= Your assignment =
Make an exact copy of the lines from the one holding "Midway Coffee Lounge konumu" through the end of the entries below, both ends kept, and of nothing else. Exclude pictures.

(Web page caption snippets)

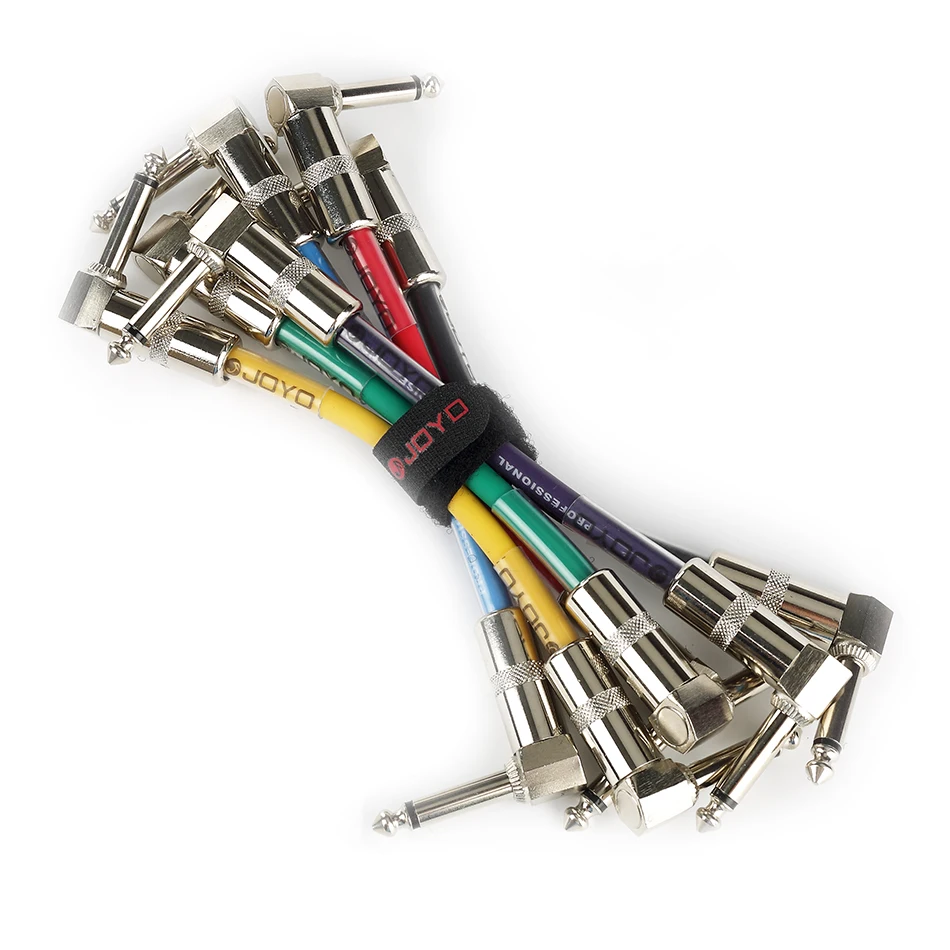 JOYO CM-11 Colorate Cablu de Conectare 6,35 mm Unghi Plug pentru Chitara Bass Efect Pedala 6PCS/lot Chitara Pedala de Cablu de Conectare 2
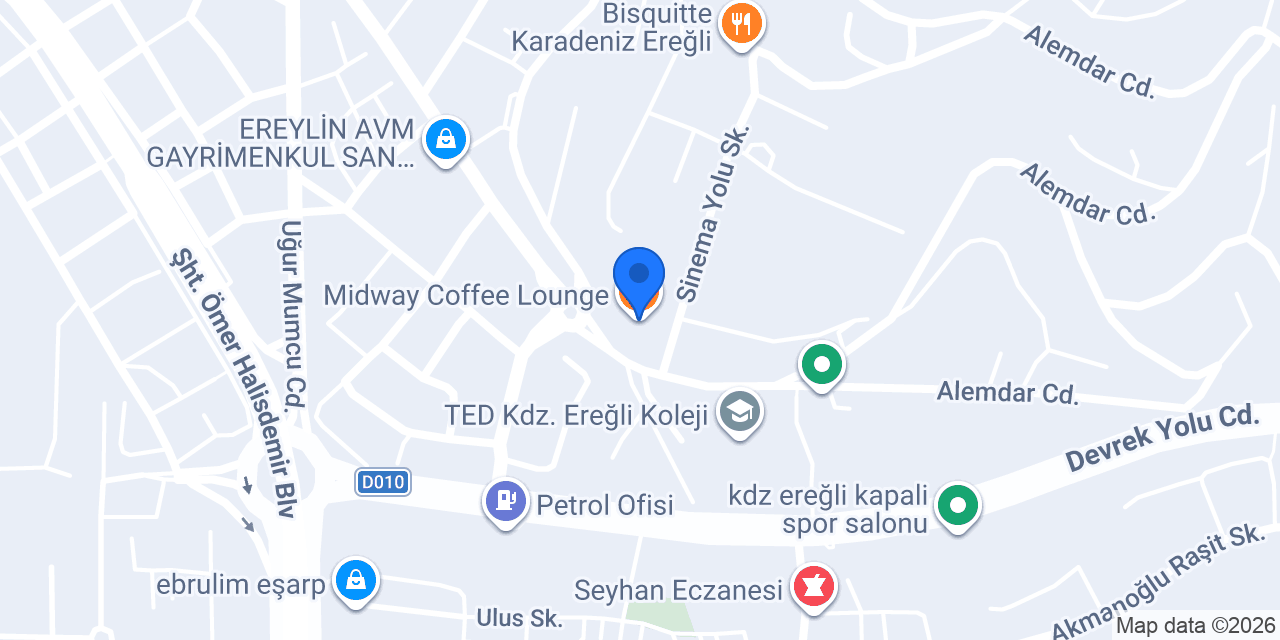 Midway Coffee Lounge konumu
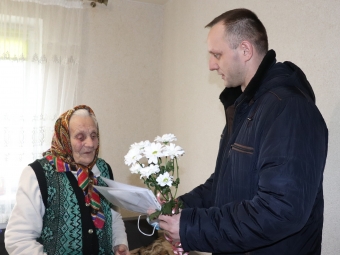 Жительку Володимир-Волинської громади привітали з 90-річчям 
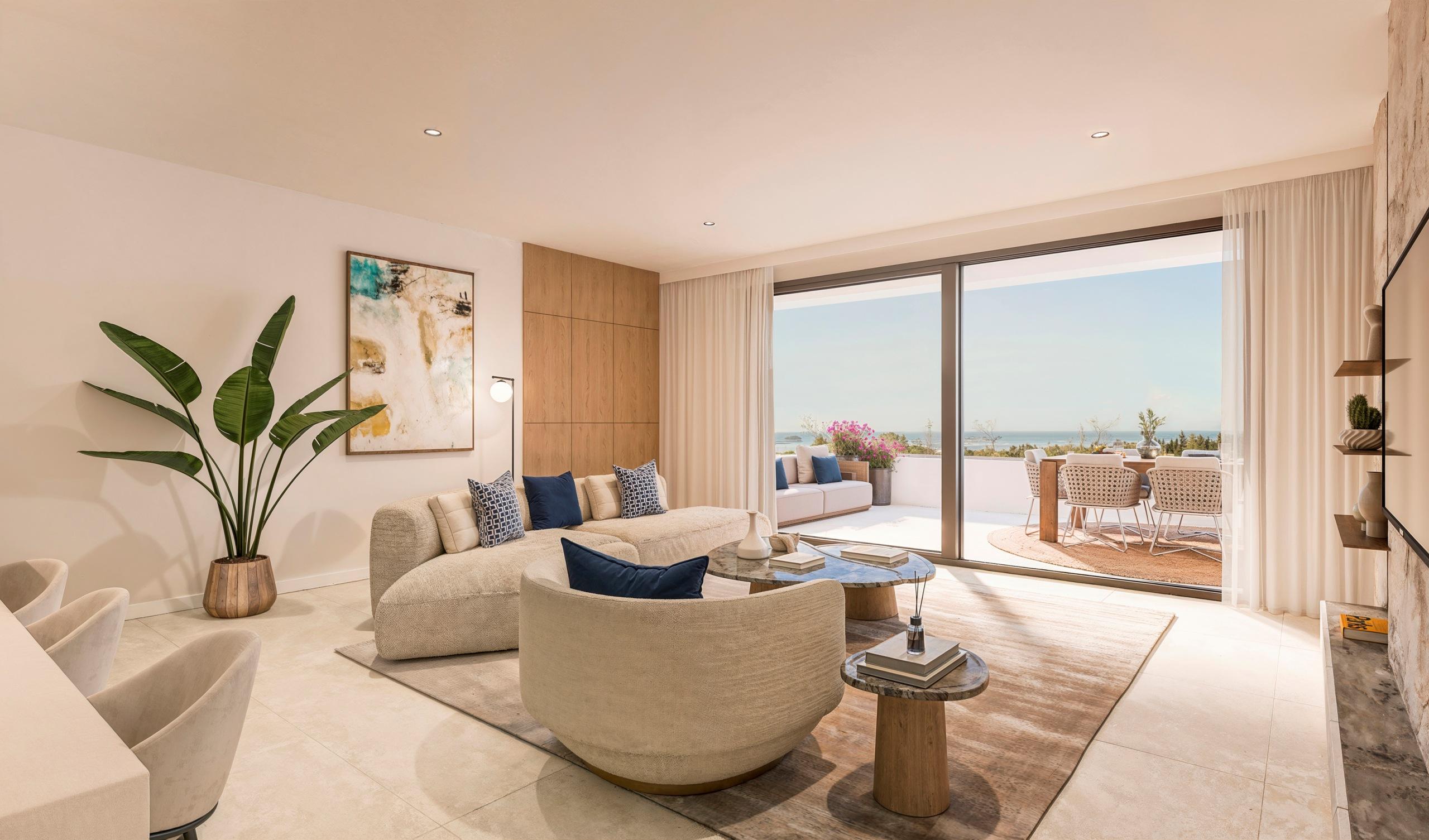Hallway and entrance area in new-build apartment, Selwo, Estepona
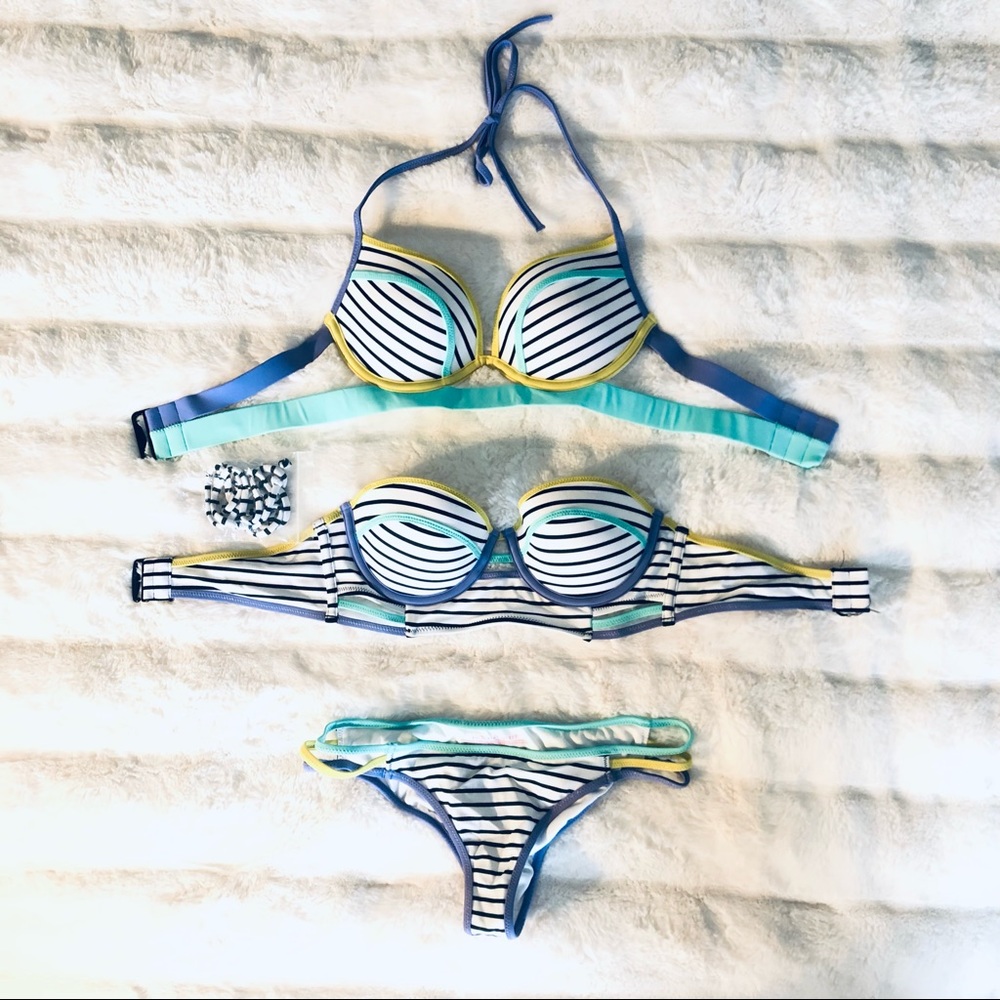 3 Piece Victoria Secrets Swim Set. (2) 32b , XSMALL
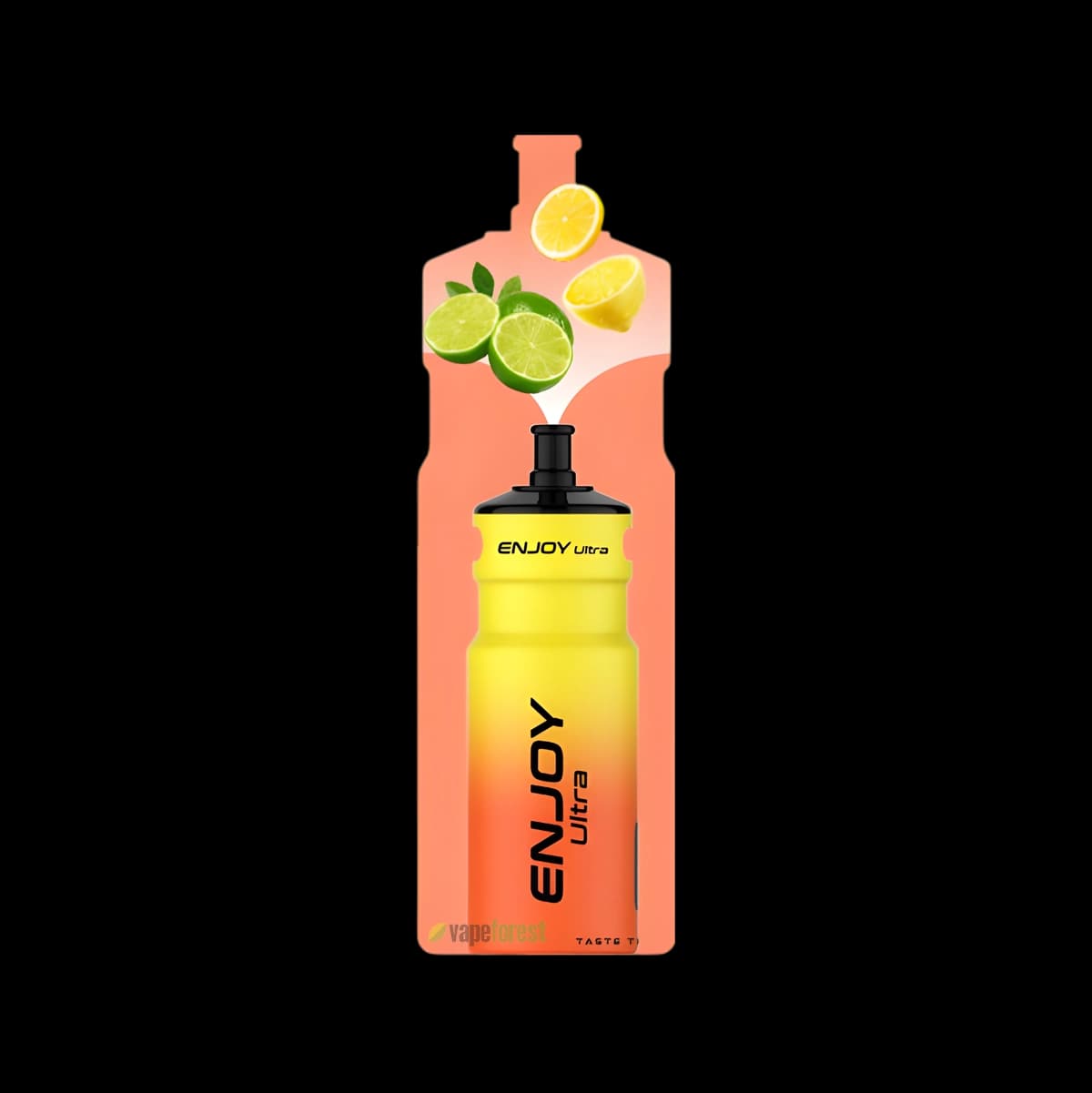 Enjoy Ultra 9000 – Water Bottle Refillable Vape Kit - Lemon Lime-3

= Task response =
 Midway Coffee Lounge konumu
 Жительку Володимир-Волинської громади привітали з 90-річчям 
Hallway and entrance area in new-build apartment, Selwo, Estepona
 3 Piece Victoria Secrets Swim Set. (2) 32b , XSMALL
 Enjoy Ultra 9000 – Water Bottle Refillable Vape Kit - Lemon Lime-3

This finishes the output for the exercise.